• **What this task involves**: Set down the line containing "Kirstan kissing horse" and every line that follows it in the listing below, exactly as written and with nothing added.

● ● ●

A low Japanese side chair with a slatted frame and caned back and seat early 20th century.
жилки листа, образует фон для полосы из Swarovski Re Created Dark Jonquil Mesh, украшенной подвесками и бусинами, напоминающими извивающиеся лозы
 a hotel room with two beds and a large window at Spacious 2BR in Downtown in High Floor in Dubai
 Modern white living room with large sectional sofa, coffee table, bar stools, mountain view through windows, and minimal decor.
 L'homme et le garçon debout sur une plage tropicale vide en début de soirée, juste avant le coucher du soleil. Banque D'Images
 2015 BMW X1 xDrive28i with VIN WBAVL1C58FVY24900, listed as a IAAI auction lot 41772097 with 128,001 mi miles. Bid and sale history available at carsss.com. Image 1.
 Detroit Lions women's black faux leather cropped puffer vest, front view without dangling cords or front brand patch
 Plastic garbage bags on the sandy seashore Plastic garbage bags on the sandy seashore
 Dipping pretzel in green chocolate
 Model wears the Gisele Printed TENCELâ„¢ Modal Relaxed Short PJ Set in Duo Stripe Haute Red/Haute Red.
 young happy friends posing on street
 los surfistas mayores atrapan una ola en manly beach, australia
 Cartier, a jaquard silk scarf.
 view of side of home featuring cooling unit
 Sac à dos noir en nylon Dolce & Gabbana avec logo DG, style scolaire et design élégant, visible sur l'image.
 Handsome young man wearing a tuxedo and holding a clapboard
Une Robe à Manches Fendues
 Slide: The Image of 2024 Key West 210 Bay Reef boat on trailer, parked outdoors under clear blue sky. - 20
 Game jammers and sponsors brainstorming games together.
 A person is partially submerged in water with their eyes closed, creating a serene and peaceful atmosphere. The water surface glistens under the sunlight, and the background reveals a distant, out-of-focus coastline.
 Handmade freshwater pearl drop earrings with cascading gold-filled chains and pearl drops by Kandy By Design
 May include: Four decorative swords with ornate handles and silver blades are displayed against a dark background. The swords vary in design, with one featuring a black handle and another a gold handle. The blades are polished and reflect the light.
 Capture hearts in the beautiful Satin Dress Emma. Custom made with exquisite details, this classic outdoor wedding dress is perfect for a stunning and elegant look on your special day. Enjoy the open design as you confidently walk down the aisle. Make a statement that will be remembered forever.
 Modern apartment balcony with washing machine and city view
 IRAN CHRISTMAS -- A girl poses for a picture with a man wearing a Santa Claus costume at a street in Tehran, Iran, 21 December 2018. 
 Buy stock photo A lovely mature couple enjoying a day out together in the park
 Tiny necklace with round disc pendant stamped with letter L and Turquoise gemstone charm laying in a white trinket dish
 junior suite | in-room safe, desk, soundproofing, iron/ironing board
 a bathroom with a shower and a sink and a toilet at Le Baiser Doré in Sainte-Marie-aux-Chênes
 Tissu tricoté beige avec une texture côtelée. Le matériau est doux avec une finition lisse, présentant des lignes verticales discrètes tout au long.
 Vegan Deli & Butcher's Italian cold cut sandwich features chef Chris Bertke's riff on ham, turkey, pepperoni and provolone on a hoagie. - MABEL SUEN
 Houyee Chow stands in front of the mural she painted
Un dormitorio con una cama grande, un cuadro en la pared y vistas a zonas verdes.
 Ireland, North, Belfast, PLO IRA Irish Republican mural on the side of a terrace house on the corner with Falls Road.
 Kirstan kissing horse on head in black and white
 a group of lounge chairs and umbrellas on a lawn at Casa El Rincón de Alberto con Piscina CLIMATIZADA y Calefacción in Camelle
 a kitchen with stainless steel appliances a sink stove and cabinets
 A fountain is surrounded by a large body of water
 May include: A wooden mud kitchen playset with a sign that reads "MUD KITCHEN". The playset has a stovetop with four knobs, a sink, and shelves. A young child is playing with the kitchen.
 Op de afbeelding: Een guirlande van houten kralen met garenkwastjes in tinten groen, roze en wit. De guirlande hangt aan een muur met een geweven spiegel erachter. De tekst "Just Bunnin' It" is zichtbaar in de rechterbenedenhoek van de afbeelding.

● ● ●

• **Your response**:
 Kirstan kissing horse on head in black and white
 a group of lounge chairs and umbrellas on a lawn at Casa El Rincón de Alberto con Piscina CLIMATIZADA y Calefacción in Camelle
 a kitchen with stainless steel appliances a sink stove and cabinets
 A fountain is surrounded by a large body of water
 May include: A wooden mud kitchen playset with a sign that reads "MUD KITCHEN". The playset has a stovetop with four knobs, a sink, and shelves. A young child is playing with the kitchen.
 Op de afbeelding: Een guirlande van houten kralen met garenkwastjes in tinten groen, roze en wit. De guirlande hangt aan een muur met een geweven spiegel erachter. De tekst "Just Bunnin' It" is zichtbaar in de rechterbenedenhoek van de afbeelding.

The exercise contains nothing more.